Donovan kann schon fast den Spanischen Trab!

Weil es so lausig kalt ist und Donovan ja jetzt mit Decke draußen steht, spiele ich mit ihm viel frei in der Halle. Seine größte Freude ist es auch, sich gleich in den Dreck zu schmeißen. Das tut er mit Genuss und manchmal fünf Mal hintereinander. Daraus mache ich ein Ritual: Immer wenn er dabei ist, sich hinzulegen, gebe ich ihm das Kommando: “Leg dich hin!”. Wenn er dann liegt und sich ein paar Mal gerollt hat, gehe ich zu ihm und sage “warte!”. Dann knie ich mich neben ihn, und er bekommt ein Leckerli.
Jetzt wartet er schon mit dem Aufstehen, ob ich nicht in der Nähe bin und mir Leckerlis aus der Tasche wachsen…
Um ihm genügend Bewegung zu verschaffen (draußen bewegt er sich auf dem gefrorenen Boden nicht genug), lasse ich ihn frei um mich auf dem Zirkel herumtraben und am Spiegel halten. Das macht er perfekt, steht kerzengerade.

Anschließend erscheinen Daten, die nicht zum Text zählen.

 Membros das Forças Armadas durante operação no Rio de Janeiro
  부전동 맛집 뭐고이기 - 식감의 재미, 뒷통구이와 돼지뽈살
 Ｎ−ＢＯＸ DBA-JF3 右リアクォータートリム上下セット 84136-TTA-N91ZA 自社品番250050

Schon seit Tagen übe ich ja wieder den Spanischen Schritt. Und weil er mir dabei manchmal zu sehr auf die Pelle rückt, bin ich dazu übergegangen, den Spanischen Schritt auf dem Zirkel zu fordern. Das klappt gut. Vor drei, vier Tagen habe ich zum ersten Mal versucht, den Spanischen Schritt in den Trab mit rüberzunehmen. Donovan bringt sich fast um, um die lange Gerte mit dem Zipfel dran zu erwischen.

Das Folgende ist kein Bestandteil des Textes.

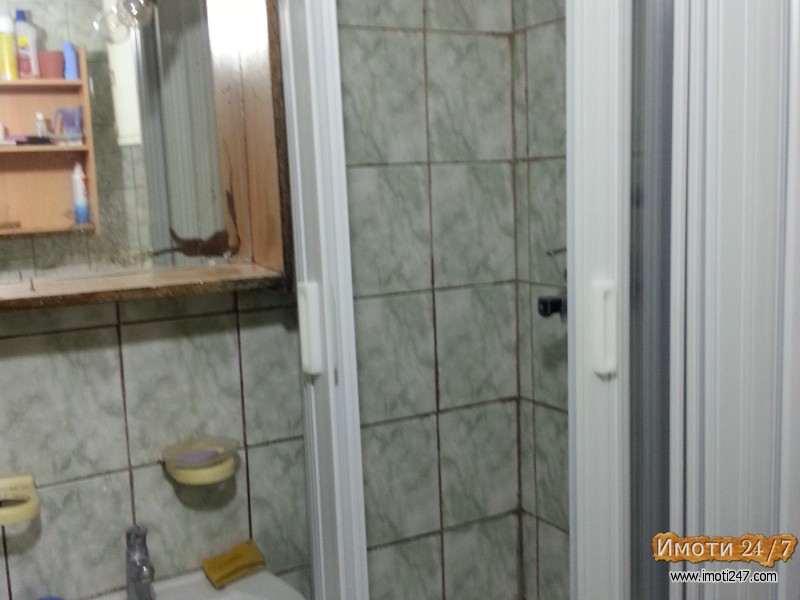 izdavam  doro namesten dvosoben stan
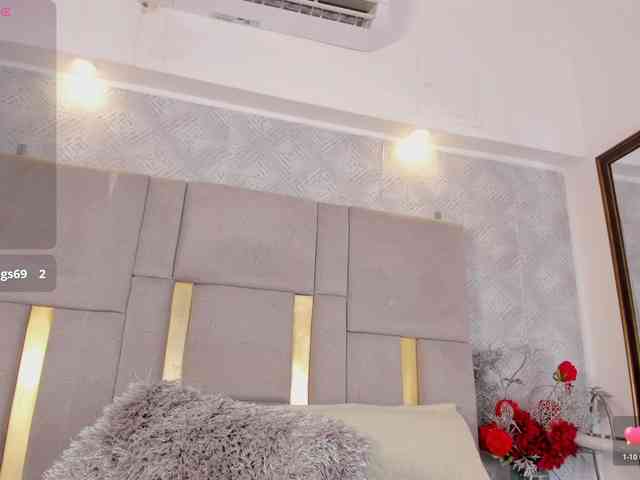 MilaSaenz webcam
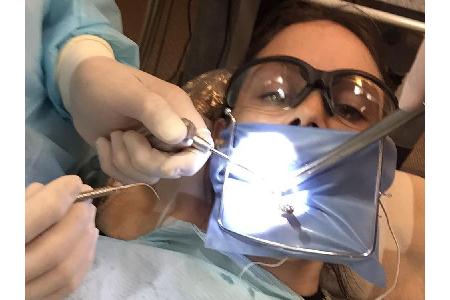 Schauspielerin Rachel Bilson (36) fliegen auf dem Zahnarztstuhl ganz ähnliche Gedanken durch den Kopf. Sie findet, dass sie ...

Wenn Cera das macht, dann streckt sie die Füße nach dem Stock. Donovan hingegen will das Schleifchen vorne dran tottreten! Nach den ersten zwei Ansätzen habe ich gleich Schluss gemacht. Erst am nächsten Tag ging es weiter.
Inzwischen ist die Aggressivität zur Gerte geringer geworden. Inzwischen ist Donovan eher bemüht, das Schleifchen am Ende zu fangen. Er macht dabei einen solchen Kragen und kann seine Beine fast bis über die Ohren recken. Wenn das mal geregelt kommt, wird es wunderschön sein.

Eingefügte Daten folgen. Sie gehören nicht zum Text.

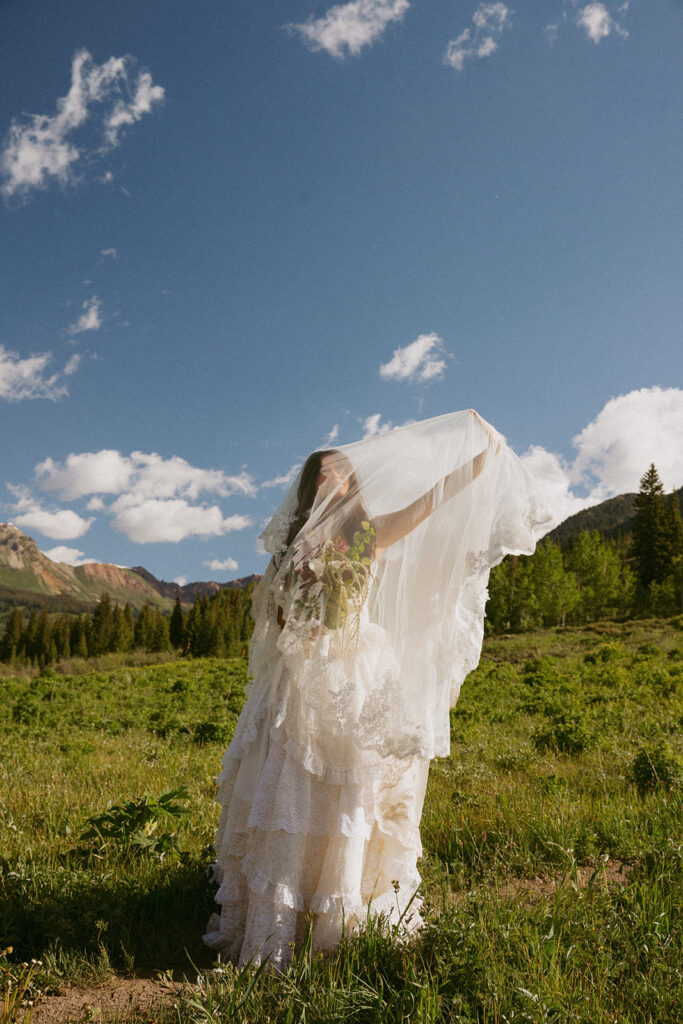 What’s in My Camera Bag? My Simple Elopement Photography Gear Setup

Viel lieber hätte ich die Lektion natürlich auch in der HSH-Ausrüstung und nicht frei um mich herum laufend… Na ja, man kann halt nicht alles haben.
Wenn ich dann zurück in meine “Stöckchen-Ecke” gehe, weiß ich, dass mir Donovan folgt. Manchmal höre ich ihn dann auch: Tong, tong hauen seine Füße im Takt auf den Boden – weil er der Gerte, die ich unter meinen Arm geklemmt habe, im Spanischen Schritt folgt. Dabei ist ihm egal, ob ich ihm den Rücken zukehre oder nicht.
Diese freie Arbeit liebt Donovan. Er läuft wie ein wilder Hengst einmal um die Halle, um dann zu mir gelaufen zu kommen, damit ich ihn kraule. Ein unheimlich selbstbewusster Bursche, der vor nichts Angst hat.